● **Prompt**: For this exercise, copy the data exactly and omit any images.

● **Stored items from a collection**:
************
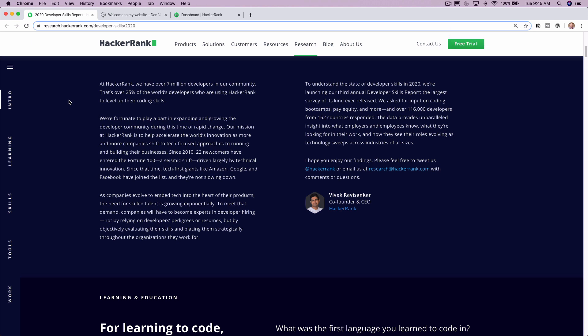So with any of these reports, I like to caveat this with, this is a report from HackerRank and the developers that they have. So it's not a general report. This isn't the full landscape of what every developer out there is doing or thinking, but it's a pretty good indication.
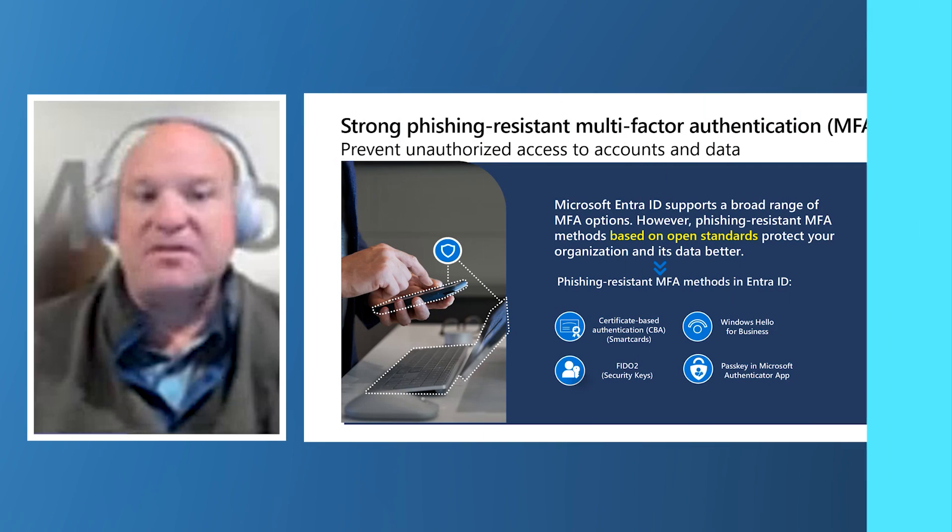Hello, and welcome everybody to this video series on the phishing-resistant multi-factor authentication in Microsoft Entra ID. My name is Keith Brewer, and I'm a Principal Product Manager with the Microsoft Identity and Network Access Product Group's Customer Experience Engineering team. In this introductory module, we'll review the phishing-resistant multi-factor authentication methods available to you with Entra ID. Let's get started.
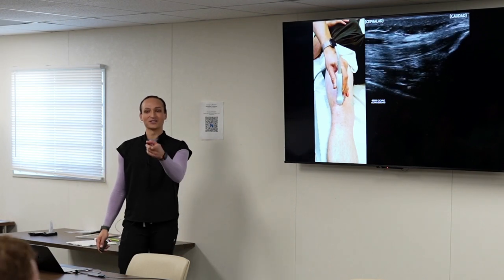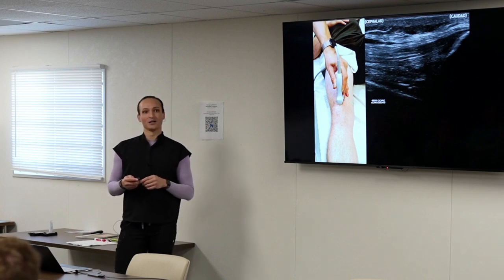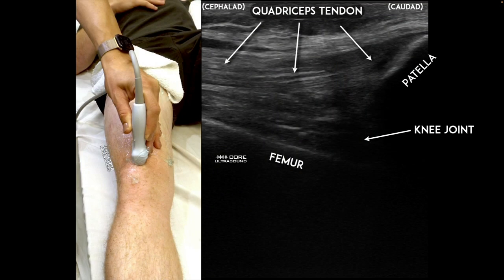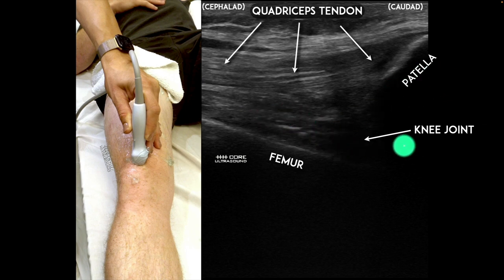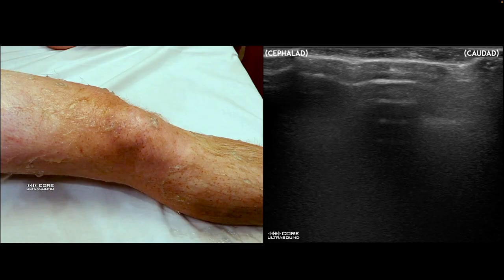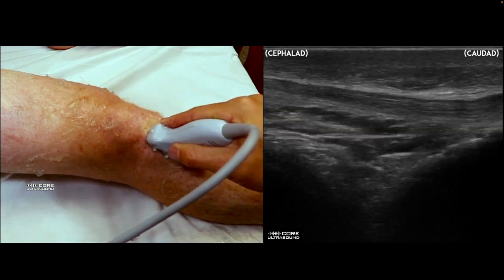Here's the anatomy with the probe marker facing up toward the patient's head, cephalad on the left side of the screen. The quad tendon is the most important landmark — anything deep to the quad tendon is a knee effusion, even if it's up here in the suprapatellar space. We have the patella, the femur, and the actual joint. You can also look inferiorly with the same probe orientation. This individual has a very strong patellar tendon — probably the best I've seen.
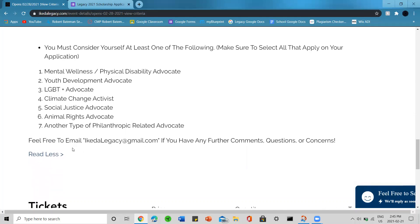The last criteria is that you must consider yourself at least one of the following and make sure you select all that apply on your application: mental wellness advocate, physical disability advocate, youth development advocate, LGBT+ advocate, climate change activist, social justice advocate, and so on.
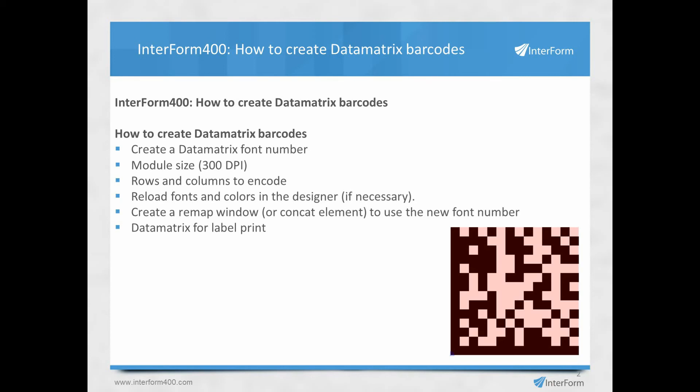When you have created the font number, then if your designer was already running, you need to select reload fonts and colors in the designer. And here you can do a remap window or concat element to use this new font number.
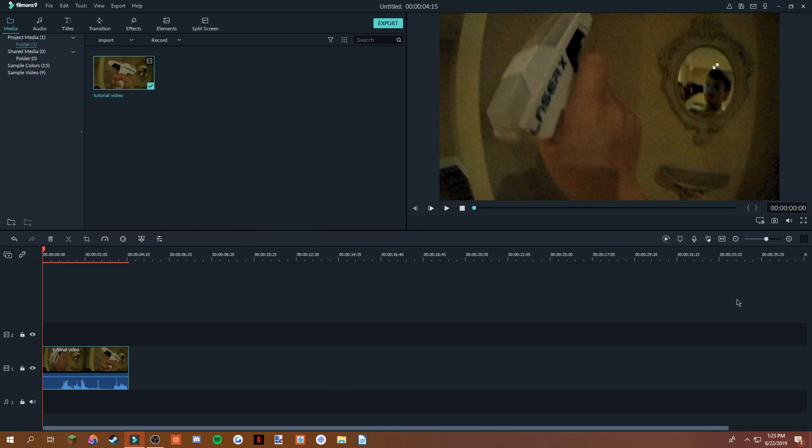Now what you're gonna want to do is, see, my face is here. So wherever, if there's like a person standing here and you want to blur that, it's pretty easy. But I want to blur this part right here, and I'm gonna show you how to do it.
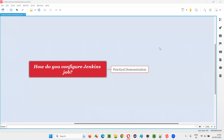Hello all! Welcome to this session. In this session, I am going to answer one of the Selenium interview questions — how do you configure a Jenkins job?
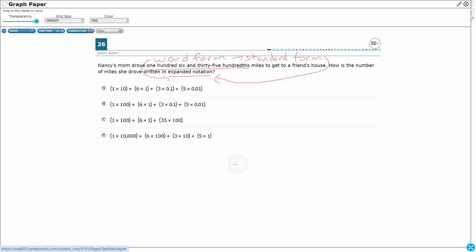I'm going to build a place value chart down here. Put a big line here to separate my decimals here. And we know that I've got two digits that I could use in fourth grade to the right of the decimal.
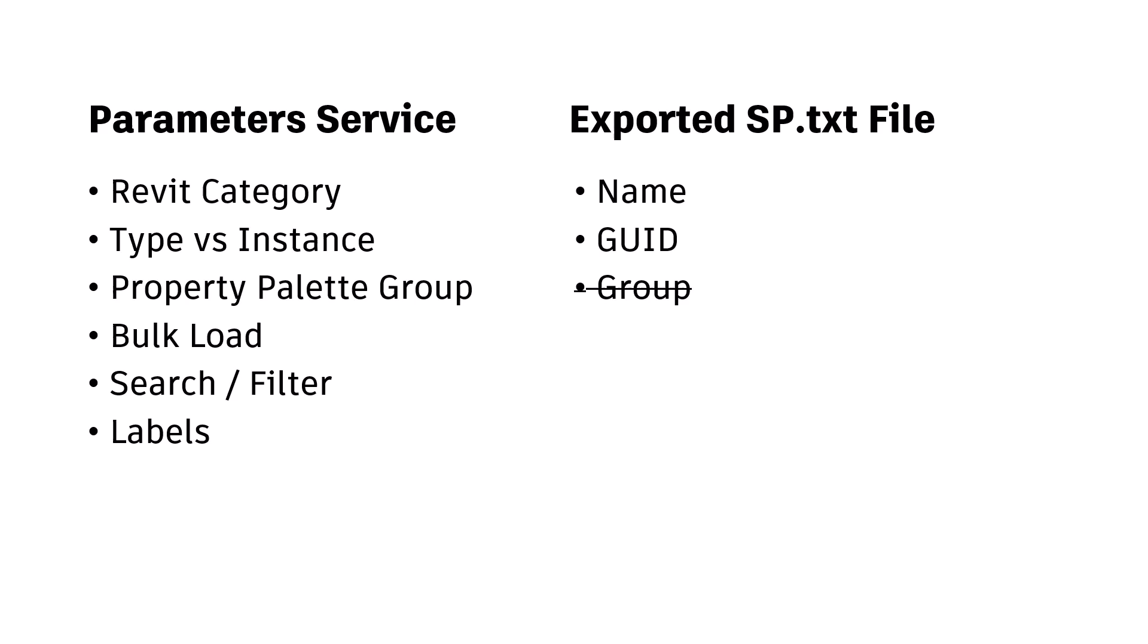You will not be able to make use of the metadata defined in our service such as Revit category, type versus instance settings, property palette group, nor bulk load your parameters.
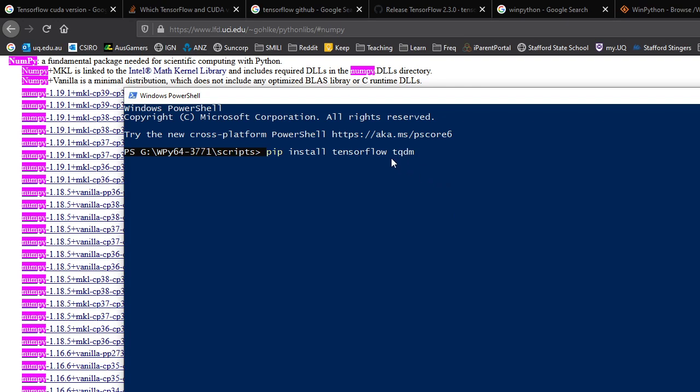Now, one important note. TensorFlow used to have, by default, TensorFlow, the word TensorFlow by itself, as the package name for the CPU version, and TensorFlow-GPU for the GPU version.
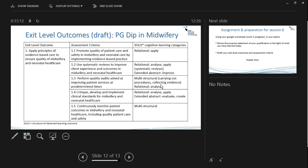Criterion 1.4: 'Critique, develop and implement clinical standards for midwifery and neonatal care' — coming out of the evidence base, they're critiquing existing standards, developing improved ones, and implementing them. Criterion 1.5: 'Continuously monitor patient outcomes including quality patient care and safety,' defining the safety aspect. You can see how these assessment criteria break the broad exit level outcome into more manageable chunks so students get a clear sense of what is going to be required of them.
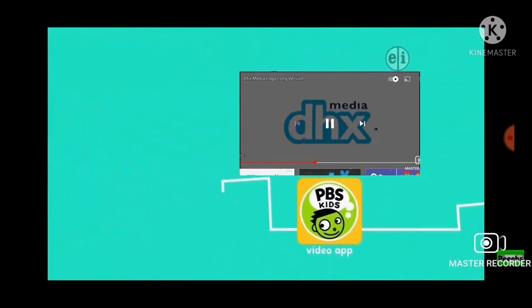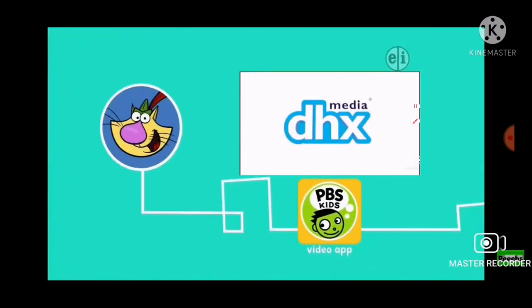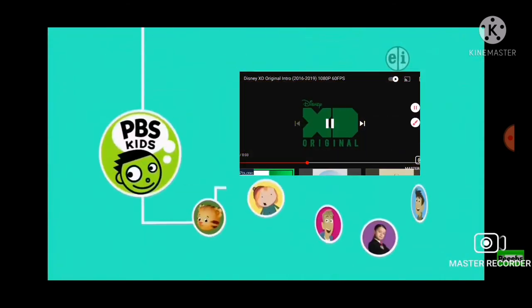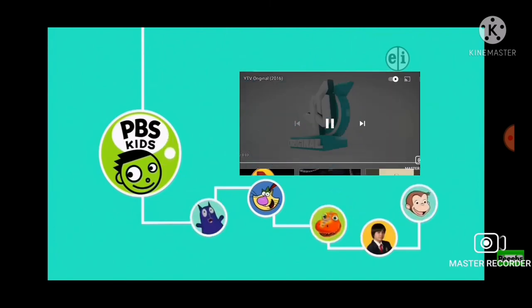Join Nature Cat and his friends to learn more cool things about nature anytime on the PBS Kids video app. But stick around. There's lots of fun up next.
************
● **Answer**:
So with any of these reports, I like to caveat this with, this is a report from HackerRank and the developers that they have. So it's not a general report. This isn't the full landscape of what every developer out there is doing or thinking, but it's a pretty good indication.
Hello, and welcome everybody to this video series on the phishing-resistant multi-factor authentication in Microsoft Entra ID. My name is Keith Brewer, and I'm a Principal Product Manager with the Microsoft Identity and Network Access Product Group's Customer Experience Engineering team. In this introductory module, we'll review the phishing-resistant multi-factor authentication methods available to you with Entra ID. Let's get started.
Here's the anatomy with the probe marker facing up toward the patient's head, cephalad on the left side of the screen. The quad tendon is the most important landmark — anything deep to the quad tendon is a knee effusion, even if it's up here in the suprapatellar space. We have the patella, the femur, and the actual joint. You can also look inferiorly with the same probe orientation. This individual has a very strong patellar tendon — probably the best I've seen.
The last criteria is that you must consider yourself at least one of the following and make sure you select all that apply on your application: mental wellness advocate, physical disability advocate, youth development advocate, LGBT+ advocate, climate change activist, social justice advocate, and so on.
When you have created the font number, then if your designer was already running, you need to select reload fonts and colors in the designer. And here you can do a remap window or concat element to use this new font number.
Now what you're gonna want to do is, see, my face is here. So wherever, if there's like a person standing here and you want to blur that, it's pretty easy. But I want to blur this part right here, and I'm gonna show you how to do it.
Hello all! Welcome to this session. In this session, I am going to answer one of the Selenium interview questions — how do you configure a Jenkins job?
I'm going to build a place value chart down here. Put a big line here to separate my decimals here. And we know that I've got two digits that I could use in fourth grade to the right of the decimal.
You will not be able to make use of the metadata defined in our service such as Revit category, type versus instance settings, property palette group, nor bulk load your parameters.
Now, one important note. TensorFlow used to have, by default, TensorFlow, the word TensorFlow by itself, as the package name for the CPU version, and TensorFlow-GPU for the GPU version.
Criterion 1.4: 'Critique, develop and implement clinical standards for midwifery and neonatal care' — coming out of the evidence base, they're critiquing existing standards, developing improved ones, and implementing them. Criterion 1.5: 'Continuously monitor patient outcomes including quality patient care and safety,' defining the safety aspect. You can see how these assessment criteria break the broad exit level outcome into more manageable chunks so students get a clear sense of what is going to be required of them.
Join Nature Cat and his friends to learn more cool things about nature anytime on the PBS Kids video app. But stick around. There's lots of fun up next.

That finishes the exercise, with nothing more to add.